As designed, the FTC’s core statute gives the agency a dual purpose: it is tasked with enforcement against unfair methods of competition (antitrust) and unfair and deceptive practices (consumer protection) when such conduct arises in the marketplace. However, Congress intentionally avoided articulating precisely what qualifies as a violation under either prong of the FTC’s authority.
Instead, Congress gave the FTC broad authority to investigate and, on a case-by-case basis, determine violations. This open-ended power allowed the FTC to shape the law by bringing various cases that established fact-patterns that the marketplace over time would need to take into consideration. Where the FTC sees conduct it believes to be a violation of the law, it brings the case, and the courts provide a check and balance, but only on appeal, to ensure the FTC does not overreach.
Outside this case-by-case approach, the FTC was never granted legislative style rulemaking to determine what is and what is not an unfair method of competition or an unfair and deceptive practice.

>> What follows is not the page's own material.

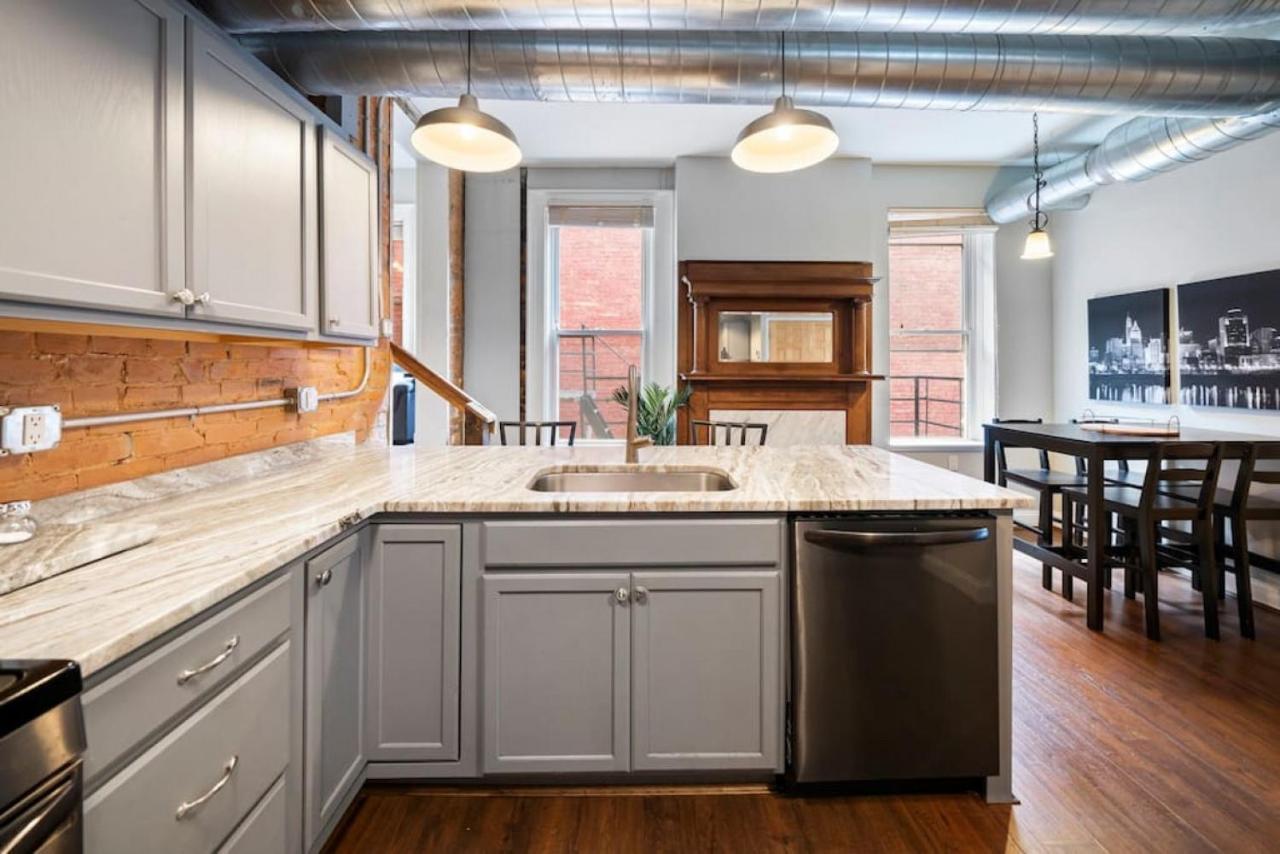 City Escape 2Br Steps To Tql Near Otr And Downtown Cincinnati Exterior foto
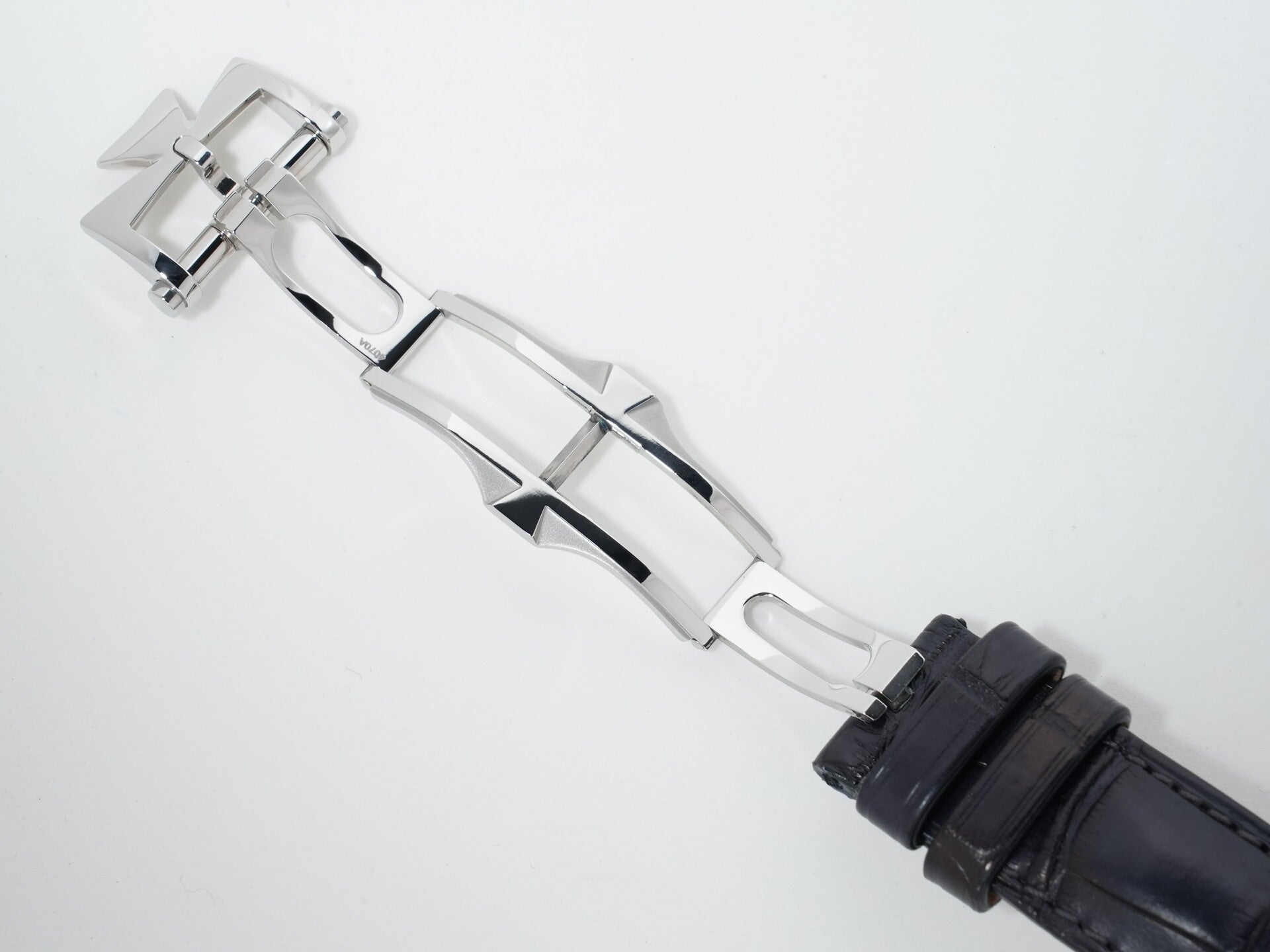 ヴァシュロンコンスタンタン フィフティーシックス オートマティック Ref.4600E/000A-B442 ステンレススチール グレー文字盤 極美品 g9qkd8jd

The FTC, given its status as an administrative body, already serves as prosecutor, judge, and jury. Congress, instinctively, has understood the problem of extending rulemaking powers to the agency allowing the agency to write the rules it is empowered to enforce. Such a super concentration of power is ripe for abuse, as an agency empowered to write the rules it enforces severely limits the scope of judicial review.
Today, some have suggested the FTC should aggressively pursue unfair methods of competition rulemaking. The FTC is powerless to do so, as explained in the U.S. Chamber of Commerce’s white paper on “Pushing the Limits? A primer on FTC competition rulemaking.” The paper, authored by Maureen Ohlhausen, former Acting Chair of the Federal Trade Commission and James Rill, former Assistant Attorney General for Antitrust at the Department of Justice, finds:
- The FTC has a troubling history of rulemaking overreach, one that the courts and Congress have both stepped in to limit.
- Congress has never explicitly granted legislative style rulemaking authority to the FTC related to either prong of its core legislative mandate.
- Congress has only provided the FTC explicit, but limited rulemaking authority for unfair and deceptive acts and practices through specific procedures commonly referred to as “Magnuson-Moss authority”.
- Congress has made no grant for unfair methods of competition rulemaking, instead empowering FTC to exclusively undertake case-by-case administrative adjudication of competition cases to shape the law.
Efforts by the agency to engage in competition rulemaking ignore the clear limits of its statutory authority. The agency would be better served to be mindful of its history and make effective use of its ability to prosecute unfair methods of competition on a case-by-case basis.